**What needs to be done**
Please retype every entry, keeping each one exactly as written.

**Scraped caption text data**

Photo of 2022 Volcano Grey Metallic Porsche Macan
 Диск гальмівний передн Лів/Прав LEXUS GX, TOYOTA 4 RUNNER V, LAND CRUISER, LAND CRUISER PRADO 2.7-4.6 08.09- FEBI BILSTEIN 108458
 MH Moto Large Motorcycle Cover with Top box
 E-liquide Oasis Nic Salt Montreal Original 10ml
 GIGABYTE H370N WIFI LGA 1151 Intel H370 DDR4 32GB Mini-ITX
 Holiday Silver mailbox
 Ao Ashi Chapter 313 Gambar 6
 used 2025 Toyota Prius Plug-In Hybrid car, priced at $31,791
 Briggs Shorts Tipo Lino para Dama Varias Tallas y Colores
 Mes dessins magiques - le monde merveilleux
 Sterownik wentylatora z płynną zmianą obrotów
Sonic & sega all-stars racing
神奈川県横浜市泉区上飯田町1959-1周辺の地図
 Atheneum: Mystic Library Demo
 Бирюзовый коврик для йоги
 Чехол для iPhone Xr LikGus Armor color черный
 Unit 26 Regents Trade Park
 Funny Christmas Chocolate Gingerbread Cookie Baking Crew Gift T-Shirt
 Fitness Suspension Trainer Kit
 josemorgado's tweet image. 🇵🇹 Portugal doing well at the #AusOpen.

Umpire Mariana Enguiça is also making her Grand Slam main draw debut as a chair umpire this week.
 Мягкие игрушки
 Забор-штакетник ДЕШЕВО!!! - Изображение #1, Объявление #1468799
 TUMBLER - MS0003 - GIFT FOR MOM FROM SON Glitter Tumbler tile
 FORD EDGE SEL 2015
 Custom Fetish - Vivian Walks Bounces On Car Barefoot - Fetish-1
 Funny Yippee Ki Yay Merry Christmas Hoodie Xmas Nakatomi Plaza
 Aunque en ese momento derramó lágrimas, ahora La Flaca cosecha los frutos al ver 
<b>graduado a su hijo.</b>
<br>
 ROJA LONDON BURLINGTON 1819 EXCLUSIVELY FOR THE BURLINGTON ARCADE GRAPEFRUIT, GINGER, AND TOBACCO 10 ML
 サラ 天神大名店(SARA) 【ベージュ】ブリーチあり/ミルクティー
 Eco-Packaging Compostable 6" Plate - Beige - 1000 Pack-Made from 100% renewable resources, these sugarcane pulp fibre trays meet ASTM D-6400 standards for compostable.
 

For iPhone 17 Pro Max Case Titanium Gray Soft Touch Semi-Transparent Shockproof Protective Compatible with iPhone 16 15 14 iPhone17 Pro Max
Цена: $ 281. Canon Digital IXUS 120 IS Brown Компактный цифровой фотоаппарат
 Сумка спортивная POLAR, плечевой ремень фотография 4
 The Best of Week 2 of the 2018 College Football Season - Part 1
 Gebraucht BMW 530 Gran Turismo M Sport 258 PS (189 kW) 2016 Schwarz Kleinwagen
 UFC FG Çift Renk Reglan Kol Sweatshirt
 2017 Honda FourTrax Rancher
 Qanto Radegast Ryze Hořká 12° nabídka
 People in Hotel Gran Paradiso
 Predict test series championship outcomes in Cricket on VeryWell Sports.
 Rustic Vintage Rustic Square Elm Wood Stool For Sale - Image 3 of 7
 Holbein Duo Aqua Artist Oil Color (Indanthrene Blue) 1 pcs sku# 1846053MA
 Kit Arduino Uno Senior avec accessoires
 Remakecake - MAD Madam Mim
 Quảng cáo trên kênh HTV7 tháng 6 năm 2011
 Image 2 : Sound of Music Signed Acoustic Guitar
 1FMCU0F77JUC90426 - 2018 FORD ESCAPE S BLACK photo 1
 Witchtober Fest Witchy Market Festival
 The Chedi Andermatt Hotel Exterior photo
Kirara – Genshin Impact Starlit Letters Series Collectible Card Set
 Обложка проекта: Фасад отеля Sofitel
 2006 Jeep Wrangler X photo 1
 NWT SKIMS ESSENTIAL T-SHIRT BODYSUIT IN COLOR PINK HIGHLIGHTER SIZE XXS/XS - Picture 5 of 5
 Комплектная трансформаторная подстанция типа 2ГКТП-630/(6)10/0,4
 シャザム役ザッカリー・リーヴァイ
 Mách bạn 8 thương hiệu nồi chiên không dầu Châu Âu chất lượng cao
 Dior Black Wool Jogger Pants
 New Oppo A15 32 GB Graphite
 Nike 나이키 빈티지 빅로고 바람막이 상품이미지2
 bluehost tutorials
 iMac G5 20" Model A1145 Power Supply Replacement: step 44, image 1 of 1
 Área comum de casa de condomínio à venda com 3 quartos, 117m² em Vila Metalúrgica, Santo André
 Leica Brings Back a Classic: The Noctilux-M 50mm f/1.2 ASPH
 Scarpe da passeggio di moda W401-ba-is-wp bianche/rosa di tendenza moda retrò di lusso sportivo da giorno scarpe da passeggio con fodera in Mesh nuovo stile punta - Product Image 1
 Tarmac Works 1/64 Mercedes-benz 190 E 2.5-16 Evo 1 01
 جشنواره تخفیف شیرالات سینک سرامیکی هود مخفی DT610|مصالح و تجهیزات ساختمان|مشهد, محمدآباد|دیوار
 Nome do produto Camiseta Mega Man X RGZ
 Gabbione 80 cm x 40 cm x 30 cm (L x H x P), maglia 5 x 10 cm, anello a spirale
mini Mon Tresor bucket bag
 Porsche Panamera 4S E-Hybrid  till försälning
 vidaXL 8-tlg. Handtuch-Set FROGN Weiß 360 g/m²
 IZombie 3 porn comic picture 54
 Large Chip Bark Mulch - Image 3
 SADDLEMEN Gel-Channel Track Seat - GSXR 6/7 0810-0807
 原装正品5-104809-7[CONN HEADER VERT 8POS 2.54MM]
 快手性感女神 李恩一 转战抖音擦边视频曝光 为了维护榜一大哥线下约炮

**Solution**
Photo of 2022 Volcano Grey Metallic Porsche Macan
 Диск гальмівний передн Лів/Прав LEXUS GX, TOYOTA 4 RUNNER V, LAND CRUISER, LAND CRUISER PRADO 2.7-4.6 08.09- FEBI BILSTEIN 108458
 MH Moto Large Motorcycle Cover with Top box
 E-liquide Oasis Nic Salt Montreal Original 10ml
 GIGABYTE H370N WIFI LGA 1151 Intel H370 DDR4 32GB Mini-ITX
 Holiday Silver mailbox
 Ao Ashi Chapter 313 Gambar 6
 used 2025 Toyota Prius Plug-In Hybrid car, priced at $31,791
 Briggs Shorts Tipo Lino para Dama Varias Tallas y Colores
 Mes dessins magiques - le monde merveilleux
 Sterownik wentylatora z płynną zmianą obrotów
Sonic & sega all-stars racing
神奈川県横浜市泉区上飯田町1959-1周辺の地図
 Atheneum: Mystic Library Demo
 Бирюзовый коврик для йоги
 Чехол для iPhone Xr LikGus Armor color черный
 Unit 26 Regents Trade Park
 Funny Christmas Chocolate Gingerbread Cookie Baking Crew Gift T-Shirt
 Fitness Suspension Trainer Kit
 josemorgado's tweet image. 🇵🇹 Portugal doing well at the #AusOpen.

Umpire Mariana Enguiça is also making her Grand Slam main draw debut as a chair umpire this week.
 Мягкие игрушки
 Забор-штакетник ДЕШЕВО!!! - Изображение #1, Объявление #1468799
 TUMBLER - MS0003 - GIFT FOR MOM FROM SON Glitter Tumbler tile
 FORD EDGE SEL 2015
 Custom Fetish - Vivian Walks Bounces On Car Barefoot - Fetish-1
 Funny Yippee Ki Yay Merry Christmas Hoodie Xmas Nakatomi Plaza
 Aunque en ese momento derramó lágrimas, ahora La Flaca cosecha los frutos al ver 
<b>graduado a su hijo.</b>
<br>
 ROJA LONDON BURLINGTON 1819 EXCLUSIVELY FOR THE BURLINGTON ARCADE GRAPEFRUIT, GINGER, AND TOBACCO 10 ML
 サラ 天神大名店(SARA) 【ベージュ】ブリーチあり/ミルクティー
 Eco-Packaging Compostable 6" Plate - Beige - 1000 Pack-Made from 100% renewable resources, these sugarcane pulp fibre trays meet ASTM D-6400 standards for compostable.
 

For iPhone 17 Pro Max Case Titanium Gray Soft Touch Semi-Transparent Shockproof Protective Compatible with iPhone 16 15 14 iPhone17 Pro Max
Цена: $ 281. Canon Digital IXUS 120 IS Brown Компактный цифровой фотоаппарат
 Сумка спортивная POLAR, плечевой ремень фотография 4
 The Best of Week 2 of the 2018 College Football Season - Part 1
 Gebraucht BMW 530 Gran Turismo M Sport 258 PS (189 kW) 2016 Schwarz Kleinwagen
 UFC FG Çift Renk Reglan Kol Sweatshirt
 2017 Honda FourTrax Rancher
 Qanto Radegast Ryze Hořká 12° nabídka
 People in Hotel Gran Paradiso
 Predict test series championship outcomes in Cricket on VeryWell Sports.
 Rustic Vintage Rustic Square Elm Wood Stool For Sale - Image 3 of 7
 Holbein Duo Aqua Artist Oil Color (Indanthrene Blue) 1 pcs sku# 1846053MA
 Kit Arduino Uno Senior avec accessoires
 Remakecake - MAD Madam Mim
 Quảng cáo trên kênh HTV7 tháng 6 năm 2011
 Image 2 : Sound of Music Signed Acoustic Guitar
 1FMCU0F77JUC90426 - 2018 FORD ESCAPE S BLACK photo 1
 Witchtober Fest Witchy Market Festival
 The Chedi Andermatt Hotel Exterior photo
Kirara – Genshin Impact Starlit Letters Series Collectible Card Set
 Обложка проекта: Фасад отеля Sofitel
 2006 Jeep Wrangler X photo 1
 NWT SKIMS ESSENTIAL T-SHIRT BODYSUIT IN COLOR PINK HIGHLIGHTER SIZE XXS/XS - Picture 5 of 5
 Комплектная трансформаторная подстанция типа 2ГКТП-630/(6)10/0,4
 シャザム役ザッカリー・リーヴァイ
 Mách bạn 8 thương hiệu nồi chiên không dầu Châu Âu chất lượng cao
 Dior Black Wool Jogger Pants
 New Oppo A15 32 GB Graphite
 Nike 나이키 빈티지 빅로고 바람막이 상품이미지2
 bluehost tutorials
 iMac G5 20" Model A1145 Power Supply Replacement: step 44, image 1 of 1
 Área comum de casa de condomínio à venda com 3 quartos, 117m² em Vila Metalúrgica, Santo André
 Leica Brings Back a Classic: The Noctilux-M 50mm f/1.2 ASPH
 Scarpe da passeggio di moda W401-ba-is-wp bianche/rosa di tendenza moda retrò di lusso sportivo da giorno scarpe da passeggio con fodera in Mesh nuovo stile punta - Product Image 1
 Tarmac Works 1/64 Mercedes-benz 190 E 2.5-16 Evo 1 01
 جشنواره تخفیف شیرالات سینک سرامیکی هود مخفی DT610|مصالح و تجهیزات ساختمان|مشهد, محمدآباد|دیوار
 Nome do produto Camiseta Mega Man X RGZ
 Gabbione 80 cm x 40 cm x 30 cm (L x H x P), maglia 5 x 10 cm, anello a spirale
mini Mon Tresor bucket bag
 Porsche Panamera 4S E-Hybrid  till försälning
 vidaXL 8-tlg. Handtuch-Set FROGN Weiß 360 g/m²
 IZombie 3 porn comic picture 54
 Large Chip Bark Mulch - Image 3
 SADDLEMEN Gel-Channel Track Seat - GSXR 6/7 0810-0807
 原装正品5-104809-7[CONN HEADER VERT 8POS 2.54MM]
 快手性感女神 李恩一 转战抖音擦边视频曝光 为了维护榜一大哥线下约炮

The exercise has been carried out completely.